CouchDB represents the first serious contact I have had with JSON and in deciding whether CouchDB is right for your project you really need to understand what JSON does and doesn’t offer. The first important thing is that JSON offers a kind of compromise from the heavy data definition in SQL or XML Schema and totally typeless data of something like flat files or Amazon SimpleDB. However to achieve that simplicity there are two consequences. Firstly data integrity is palmed off onto client applications and you will need to check data going in and coming out. I don’t personally believe that there is ever an application that doesn’t have some explicit or implicit data integrity. Second JSON documents can be very rich and complex but they cannot have detailed field structures, a telephone number is simply going to decompose into two numbers and its hard to get much finer grain description of the data. As a rule of thumb if you would normally create a well-formed XML document for the data or you would define a SQL data definition that would simply declare all the types of the column using all the defaults and never specifying a NOT NULL column then you probably have a good match.

JSON also favours dynamic languages over static types like Java. You need to decide if you are going to be able to take advantage of the full set of features in your chosen client language. XML might remain a better choice for static languages as you describe document instances declaratively.

Other good features about CouchDB include the fact that its incubating for Apache and will be a good addition to the projects there. It also leverages existing Javascript skills which are probably more common than people who know XPath, XQuery or even XML Schema and Relax NG. It has excellent support for incremental data and also fits well with highly irregular data like CMS page content. It also has an excellent UI that makes it easy to interact with the data.
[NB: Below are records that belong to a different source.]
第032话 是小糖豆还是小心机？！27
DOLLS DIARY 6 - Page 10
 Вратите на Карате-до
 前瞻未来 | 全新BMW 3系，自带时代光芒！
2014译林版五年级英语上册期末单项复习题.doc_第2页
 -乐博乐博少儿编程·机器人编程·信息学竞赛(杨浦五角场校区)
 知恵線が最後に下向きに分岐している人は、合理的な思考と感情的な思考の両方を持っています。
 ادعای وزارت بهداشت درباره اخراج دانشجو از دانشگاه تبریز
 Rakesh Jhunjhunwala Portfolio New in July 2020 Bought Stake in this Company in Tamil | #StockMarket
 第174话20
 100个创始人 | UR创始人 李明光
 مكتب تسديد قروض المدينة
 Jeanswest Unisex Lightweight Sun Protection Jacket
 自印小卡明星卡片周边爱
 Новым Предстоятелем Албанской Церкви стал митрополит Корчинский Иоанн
Finally it seems to have a good solution for scalability without doing anything too esoteric.

The negative features are tricky because we obviously have an alpha project here that is probably closer to the start of the public testing phase than the end. Some of these cons may well be addressed before the first release candidate. The first obvious omission for a server product is that there is no security built into the server. Just supporting optional HTTP Authentication would be enough to make it practical to start running some experimental servers for something more than sandbox exercises. One thing that is a major difference to the feature set in the standard pseudo-RDBMS is that there is no way of interacting with sets of data. There is a method for changing multiple documents in one pass but what you really want to be able to do is apply a set of changes to documents identified by a query, the equivalent of SQL’s UPDATE.

Related to this is the fact that data in CouchDB is currently heavily based on silos. If I have a set of data referring to authors and a set of data relating to books then I currently need to duplicate data in both. One of the problems that the developers are going to face in evolving CouchDB is how to address this without introducing a solution so complex that you ask why you are not using an RDBMS? Similarly I notice in the roadmap there is an item about data validation. If you start introducing data validation and rules for validating data then before long there is going to be a question as to why you don’t simply use one of the existing document systems as all the current simplicity will have gone.

One thing that definitely needs improvement is error logging and reporting. Often the only error feedback you have is a Javascript popup that says “undefined” and a log message that tells you that the Erlang process terminated. There needs to be some more human-readable issue logging that points you towards what is going wrong.